> _PROBLEM DETAILS_
Repeat the listing below exactly from the line with "Front & Rear" through its last line. Skip every picture.

=== Begin Enclosure ===

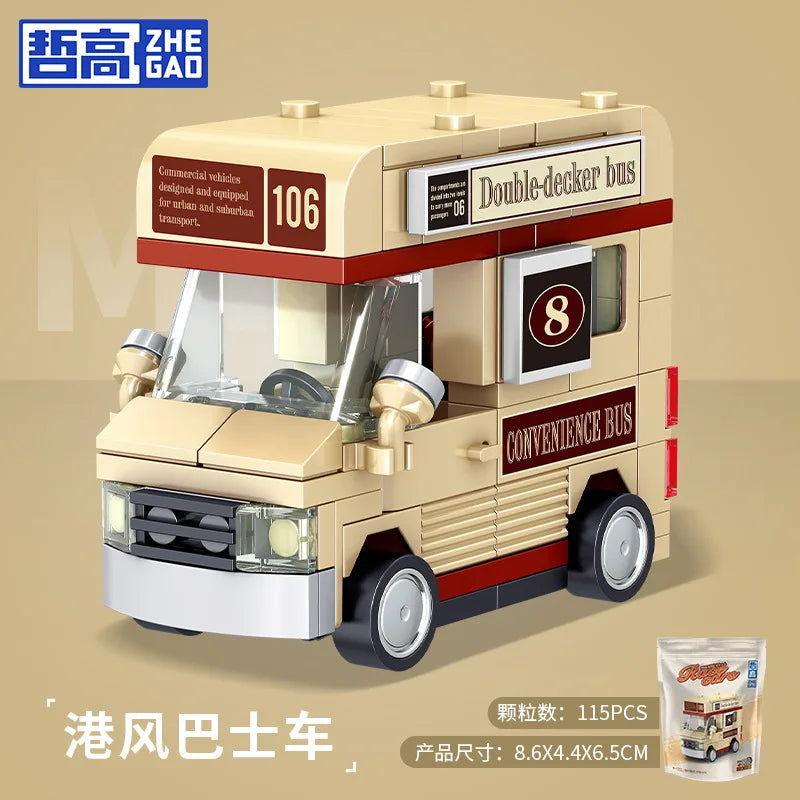 DIY Racing Car Bus Engineering Vehicle Ambulance Pull Back Model Building Blocks Brick Toys Children Boys Compatible With Lego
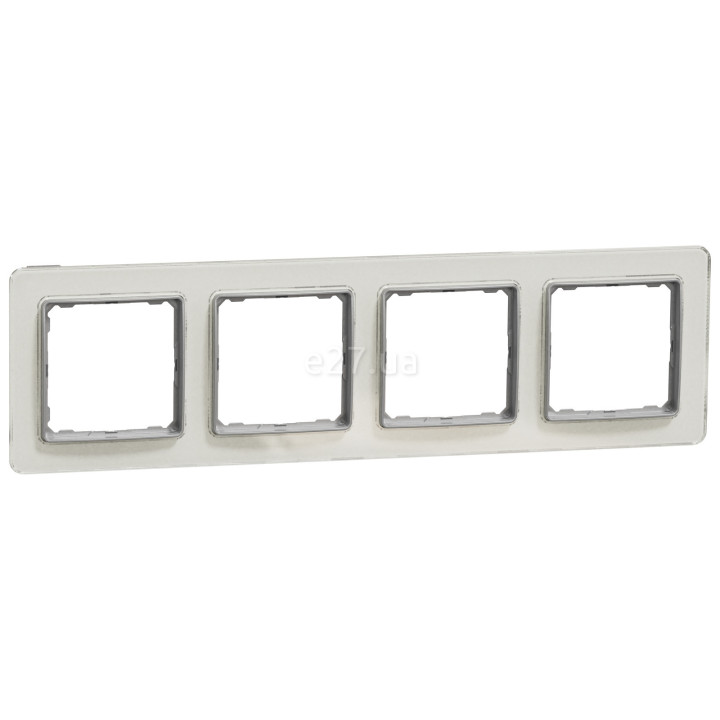 Рамка 4 поста Schneider Electric SDD360804 Sedna Elements, біле скло, пластик · Schneider Electric · schneider-electric-sdd360804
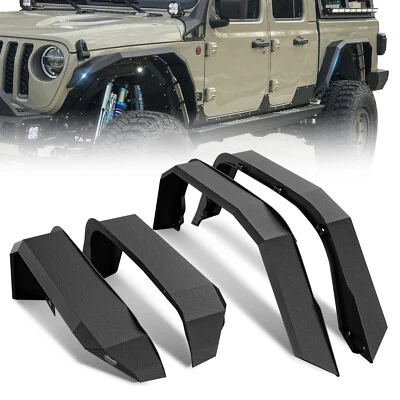 Front & Rear Fender Flares W/ Turn Signal Lights For 2020-2025 Jeep Gladiator JT - Image 1 of 4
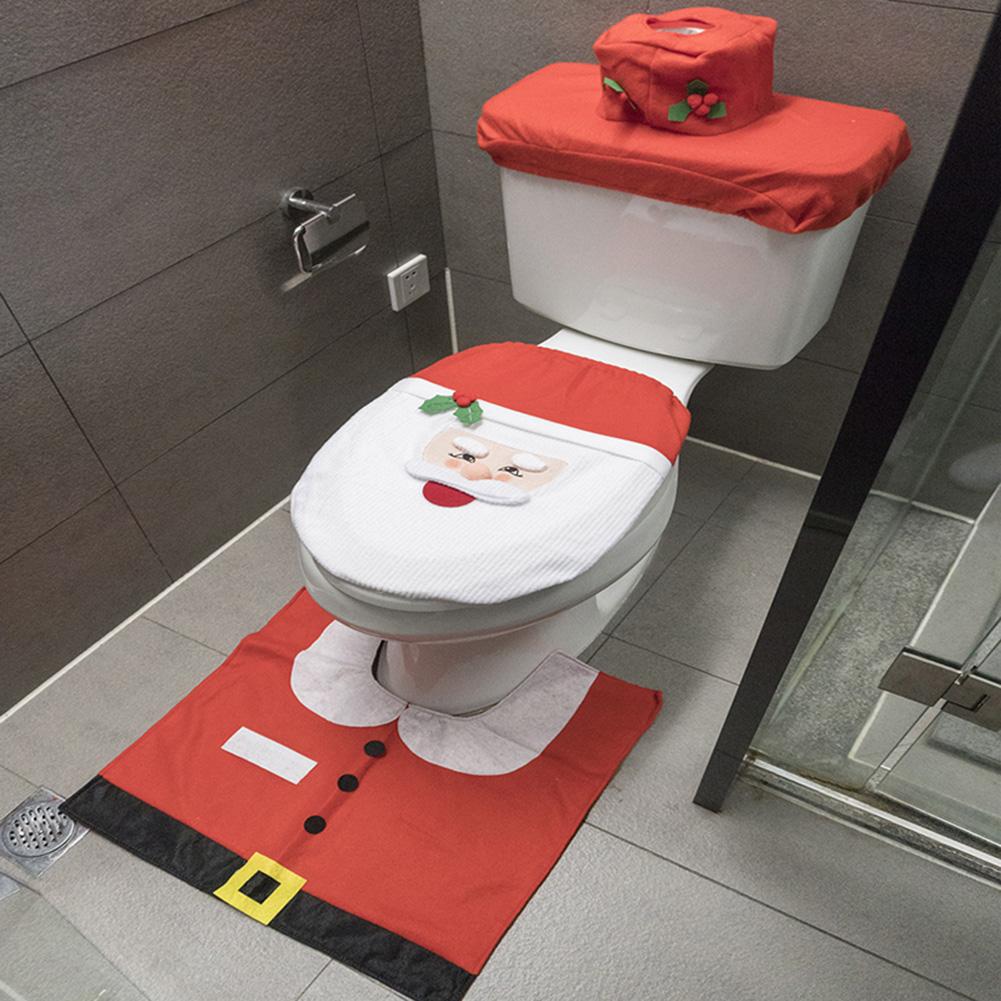 3Pcs Christmas Toilet Seat Cover Decorative Carpet Set Bathroom Cartoon Cute Santa Claus Pattern Toilet Lid Cover Xmas Supplies
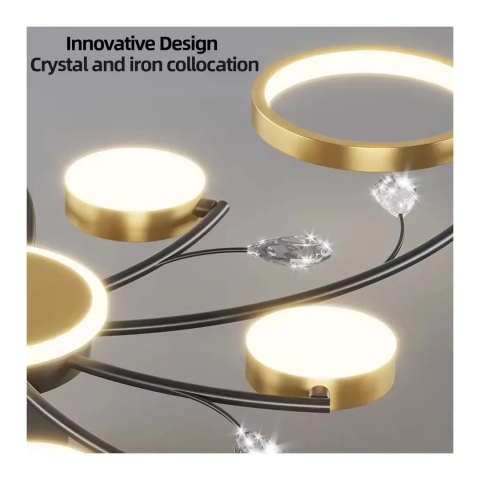 Lustra LED cu Telecomnda KARINA, 65W, 8 Elemente, Lumina Calda/Rece/Neutra, Dimabila, Auriu [2]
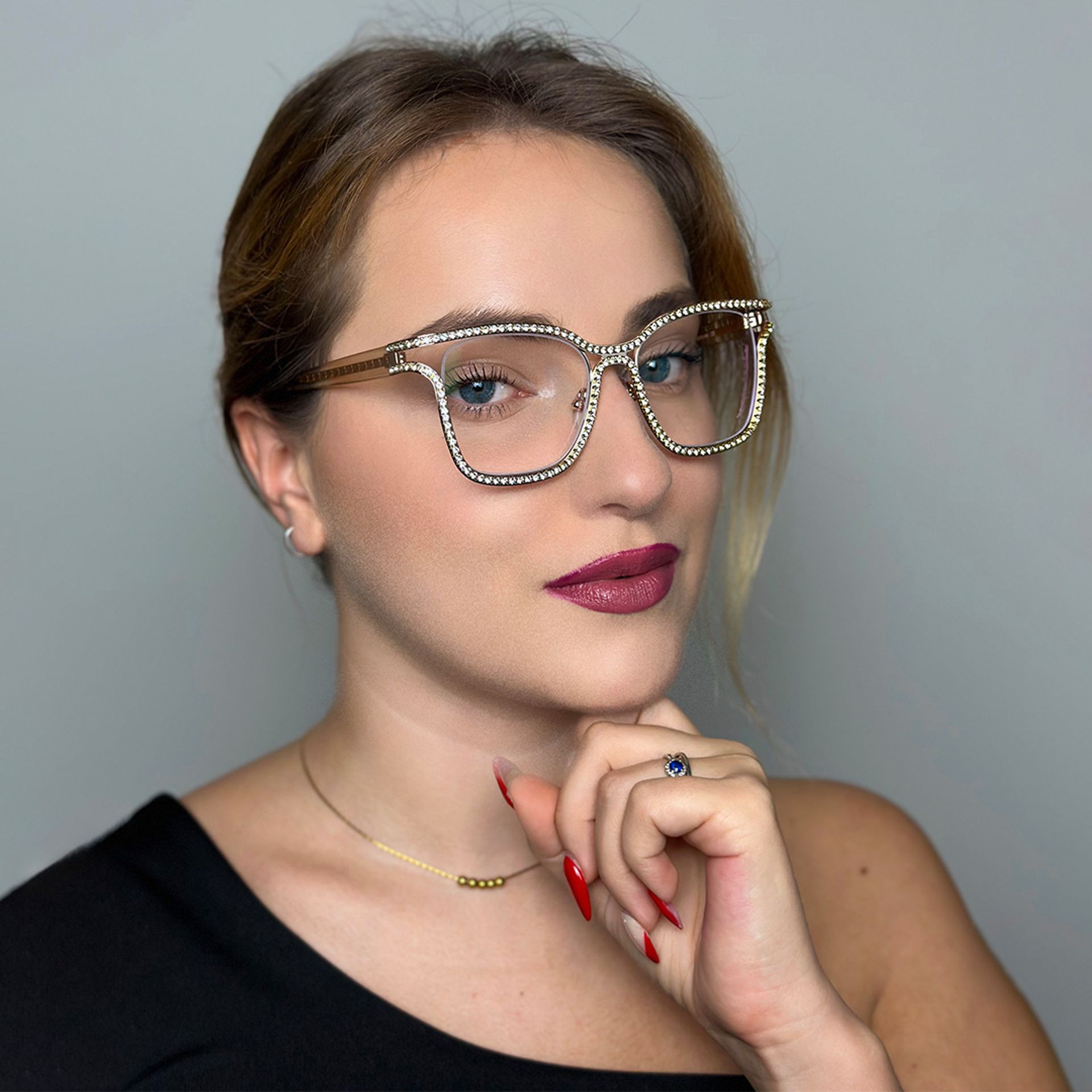 Half Rim Square Glasses With Decorated Shiny Diamonds11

=== End Enclosure ===

> _RESULT FOR THIS EXERCISE_
 Front & Rear Fender Flares W/ Turn Signal Lights For 2020-2025 Jeep Gladiator JT - Image 1 of 4
 3Pcs Christmas Toilet Seat Cover Decorative Carpet Set Bathroom Cartoon Cute Santa Claus Pattern Toilet Lid Cover Xmas Supplies
 Lustra LED cu Telecomnda KARINA, 65W, 8 Elemente, Lumina Calda/Rece/Neutra, Dimabila, Auriu [2]
 Half Rim Square Glasses With Decorated Shiny Diamonds11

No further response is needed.